The process of earning the recognition is anything but easy. Applicants must pass a rigorous and lengthy process that requires cooperation and coordination between the facility’s leadership and staff.
The recognition process begins with the submission of an electronic application, followed by written documentation demonstrating qualitative and quantitative evidence on patient care and outcomes.
If scores on the electronic and written applications meet the ANCC’s standards, an on-site review is conducted by Magnet appraisers.
In addition to the application process and comprehensive site visit, the ANCC conducts interviews of nurses and patients. About 200 Bayhealth nurses were interviewed and patients were interviewed while in the hospital and a public comment period was also held for former patients to voice their opinion of a previous visit.
Although some of Bayhealth’s nurses were hired with an associates degree, the majority have higher education degrees like a BSN or MSN and 54 percent of Bayhealth’s nurses have an area of specialty.
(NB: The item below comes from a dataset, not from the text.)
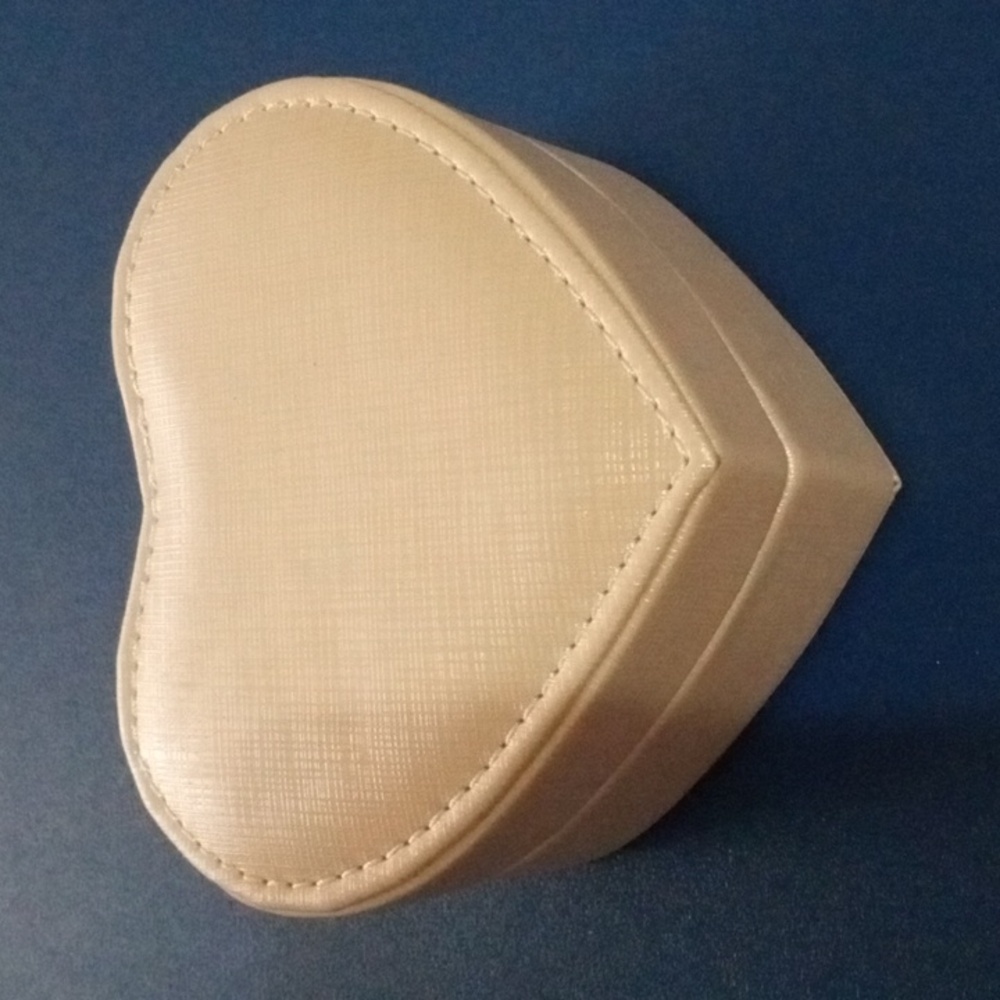 *CLEARANCE Cream Heart Shape Travel Jewelry Box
Bayhealth also encourages continuing education and helps its nurses with financial support to pursue a higher degree or gain certification in an area of specialty.
As Bayhealth began focusing on Magnet recognition eight years ago, nursing education standards and as a result, their involvement has increased.
Bayhealth’s nurses have become more involved in patient care outside the hospital room as well.
“The nurses work more with doctors rather than just for them,” Ms. Holecek, director of Patient Care Services said. “Their involvement has increased in almost every way. They are more engaged, help select courses of treatment and continually do research on new procedures and evidence based practices.”
Due to the collaboration between nurses and doctors, Magnet recognized organizations have been shown to provide benefits such as: higher patient satisfaction with nurse communications, availability of help, and receipt of discharge information and a lower risk of 30-day mortality and lower failure to rescue, higher job satisfaction among nurses, and lower nurse reports of intentions to leave position.
Magnet recognition is more than just a certificate to hang on the wall, it makes a health care facility a draw to patients and nurses alike.
“Magnet recognized facilities are a preferential choice for patients if they are given an option because they know they will receive a high quality of care and highly qualified nurses will come looking for work because they know we have a better environment and higher standards than other employers,” Ms. Perratto said.
To maintain Magnet recognition, organizations must go through a re-application process every two years to show they have maintained and heightened their standards.
“We have to keep getting better, the recognition doesn’t mean we remain at the same level,” Ms. Holecek said. “The recognition is only good for four years so when we reapply, we need to be even better than we are now.”